Items from a data source
- - - - - - -

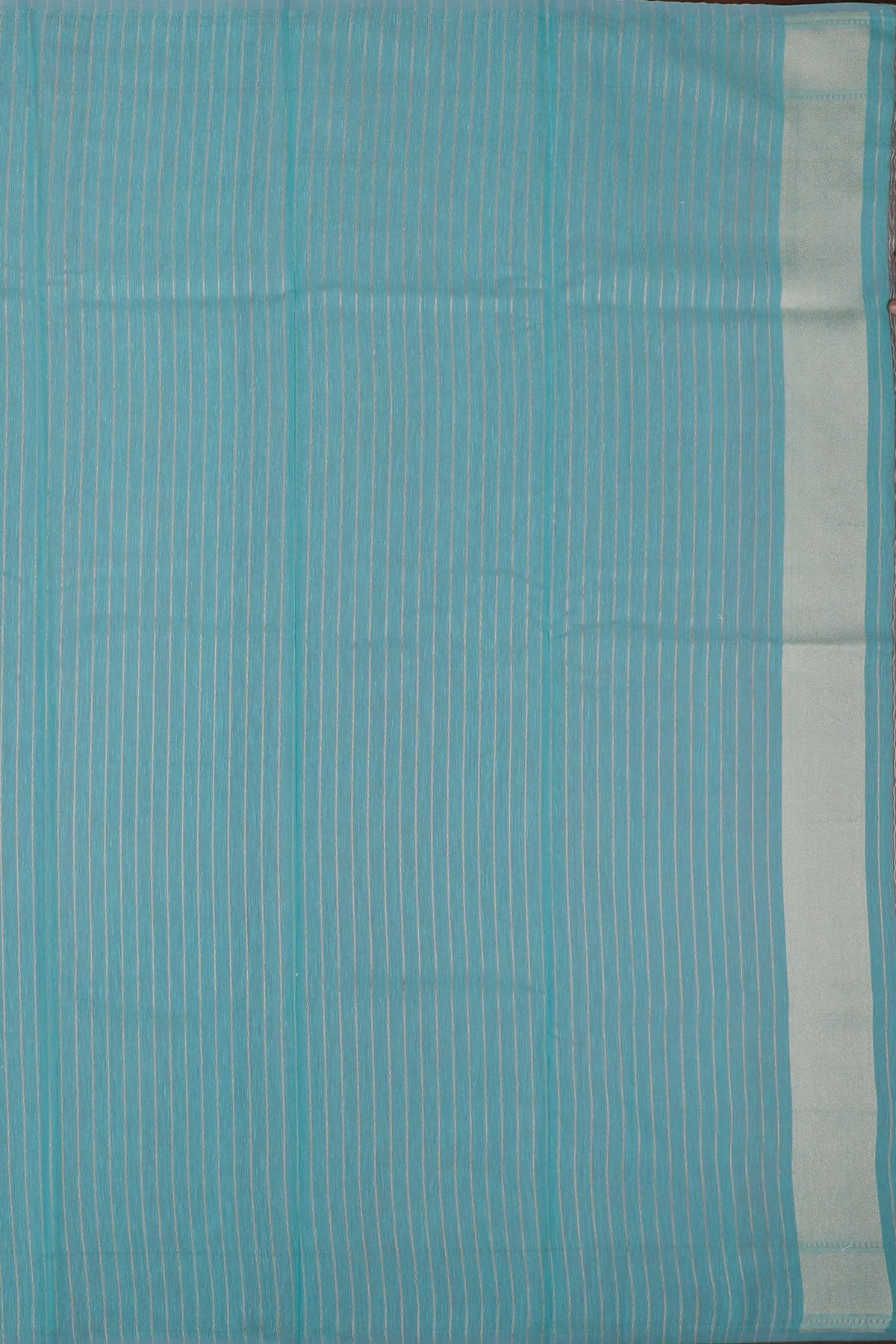 Sky Blue Powerloom Pure Cotton Jamdani Saree
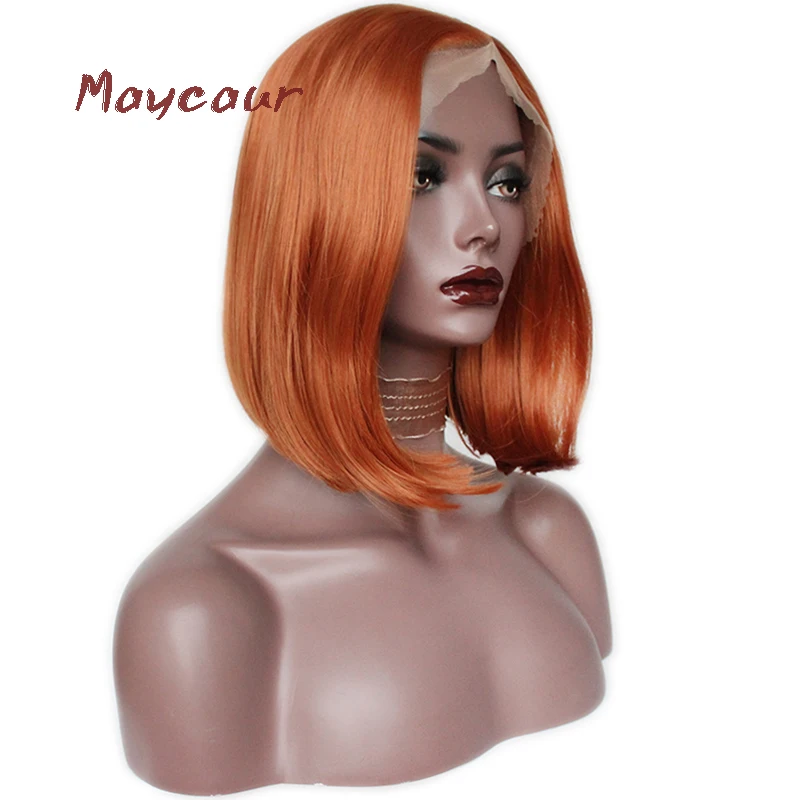 

Orange Short Straight Synthetic Lace Front Wig Heat Resistant Bob Hair Wigs For Women Cut Hair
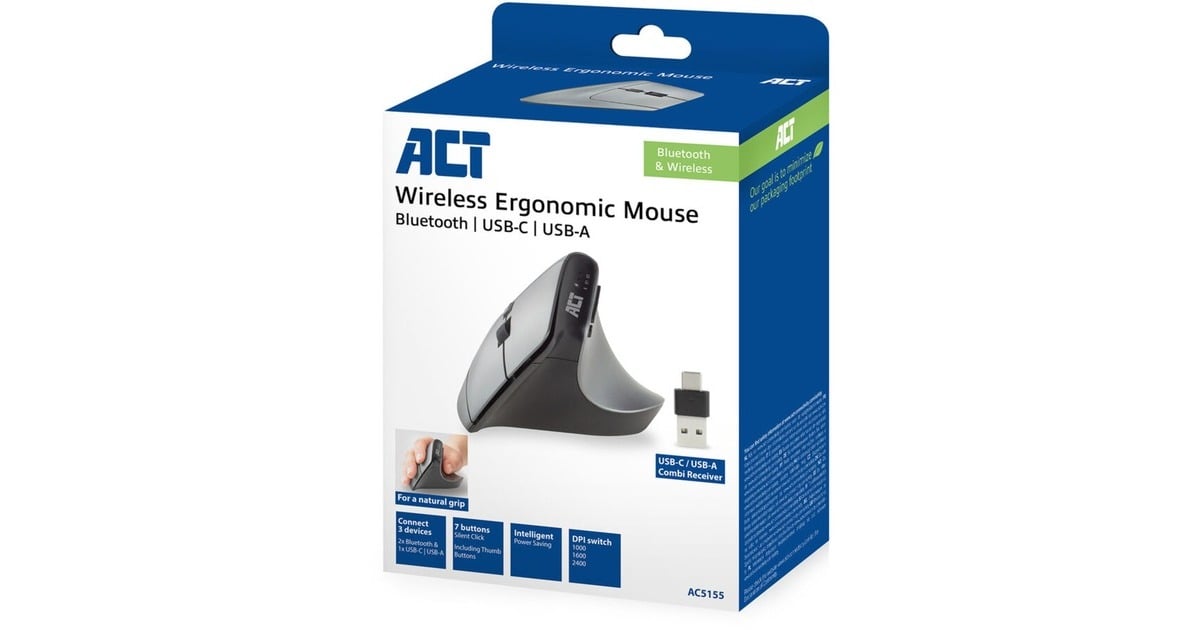 ACT ConnectivityDraadloze Ergonomische Muis met Bluetooth en USB-C/USB-A  (Zilver/zwart, 1000 - 2400 dpi)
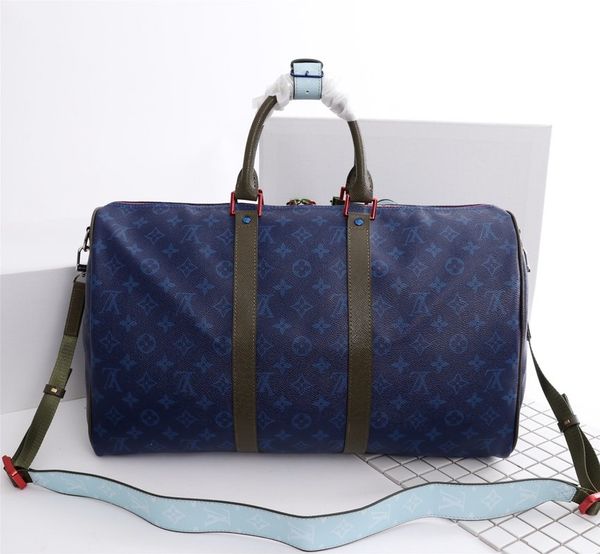 

classic blue brown keepall 45 men outdoor travel bag fashion ladies letter real leather crossbody bags for man 45x 27x 20cm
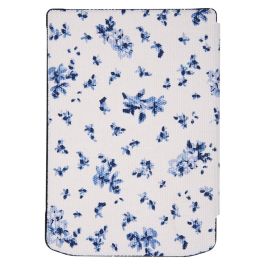 Pocketbook Funda Carcasa Shell Series Verse Plus/Pro para eReader 6 Pulgadas Diseño Patrón Flores Blanco y Azul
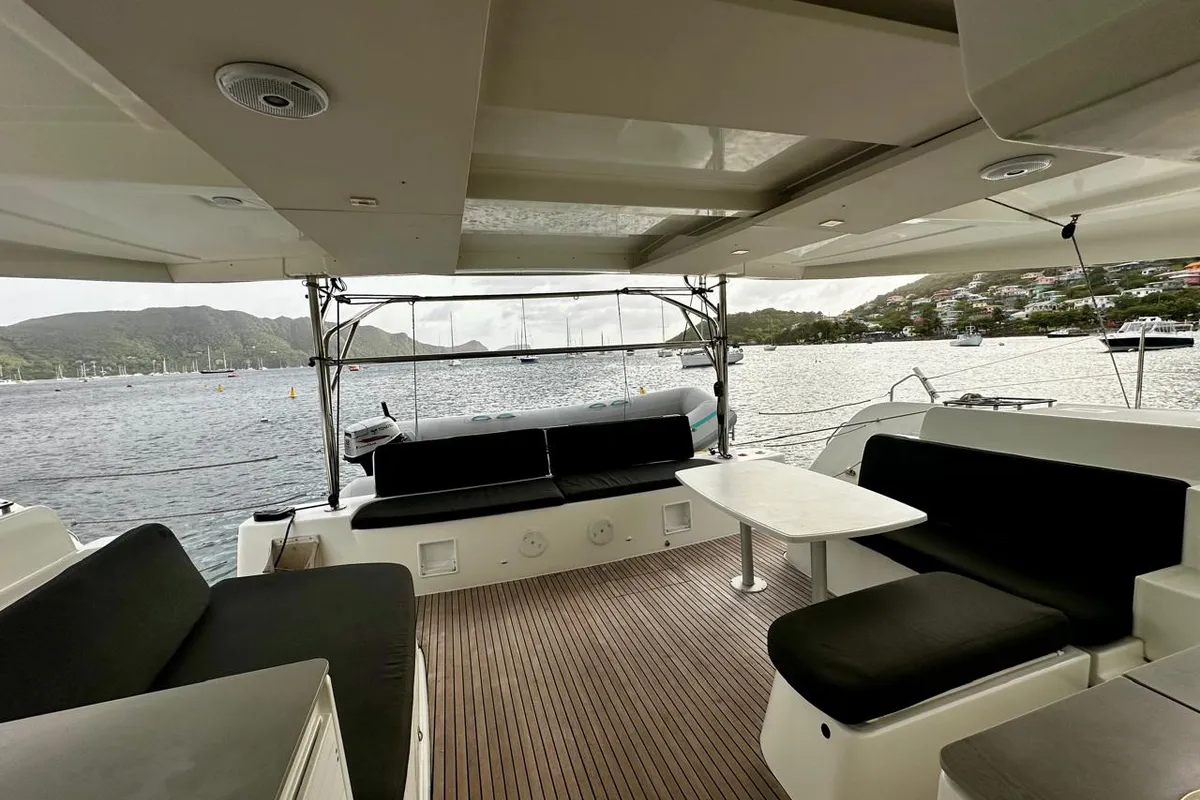Deck of Hearts Desire, a Lagoon 46 catamaran at Port Elizabeth, Saint Vincent and the Grenadines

- - - - - - -

[Task prompt]: Every line of the records above should be copied exactly, while the pictures are left behind.

[Reply]:
 Sky Blue Powerloom Pure Cotton Jamdani Saree

Orange Short Straight Synthetic Lace Front Wig Heat Resistant Bob Hair Wigs For Women Cut Hair
 ACT ConnectivityDraadloze Ergonomische Muis met Bluetooth en USB-C/USB-A  (Zilver/zwart, 1000 - 2400 dpi)

classic blue brown keepall 45 men outdoor travel bag fashion ladies letter real leather crossbody bags for man 45x 27x 20cm
 Pocketbook Funda Carcasa Shell Series Verse Plus/Pro para eReader 6 Pulgadas Diseño Patrón Flores Blanco y Azul
Deck of Hearts Desire, a Lagoon 46 catamaran at Port Elizabeth, Saint Vincent and the Grenadines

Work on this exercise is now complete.